Say you're hosting a web service, where users are allowed to submit one Job every 30 seconds. Jobs can take more than 30 seconds, so the solution is more complex than setting `stop_id = user_id`. And what if you want to stop the new Job instead of the old one?

```r
rate_limit <- function (job) {

  job$t_start <- Sys.time()

  for (j in job$queue$jobs)
    if (j$user_id == job$user_id)
      if (job$t_start - j$t_start < 30)
        job$stop('Rate Limit Exceeded')
}

q <- Queue$new(hooks = list(submitted = rate_limit))

j_A1 <- q$run({ 42 }, user_id = 'A')
j_B1 <- q$run({ 42 }, user_id = 'B')
j_B2 <- q$run({ 42 }, user_id = 'B')

j_B1$result
#> [1] 42

j_B2$result
#> <interrupt: Rate Limit Exceeded>
```

Note that the above code won't completely solve the rate limiting task. If a user's Job only takes five seconds to complete, then they could submit a Job every six seconds and the Queue would be none the wiser.

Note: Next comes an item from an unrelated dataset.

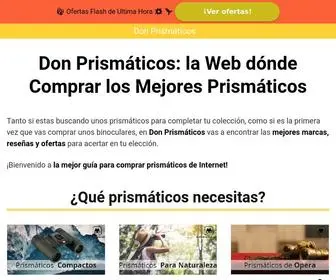 Donprismaticos.com(Don) Screenshot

To give the Queue awareness of previously completed Jobs, you'll need to persistently store per-user Job start times - like in the below solution.

```r
t_user <- list()

rate_limit <- function (job) {
  t_start <- Sys.time()
  t_diff  <- t_user[[job$user_id]] - t_start
  if (isTRUE(t_diff < 30)) { job$stop('Rate Limit Exceeded')   }
  else                     { t_user[[job$user_id]] <<- t_start }
}

q <- Queue$new(hooks = list(created = rate_limit))
```

In the first example, we attached a hook to `'submitted'` because that's when `<Job>$queue` becomes available in callbacks. In the latter example, we attached a hook to `'created'` instead because we didn't need `<Job>$queue` for that solution. Check the trigger order listed in the "Callback Triggers" section above, and attach callbacks as early as possible to expedite Job handling.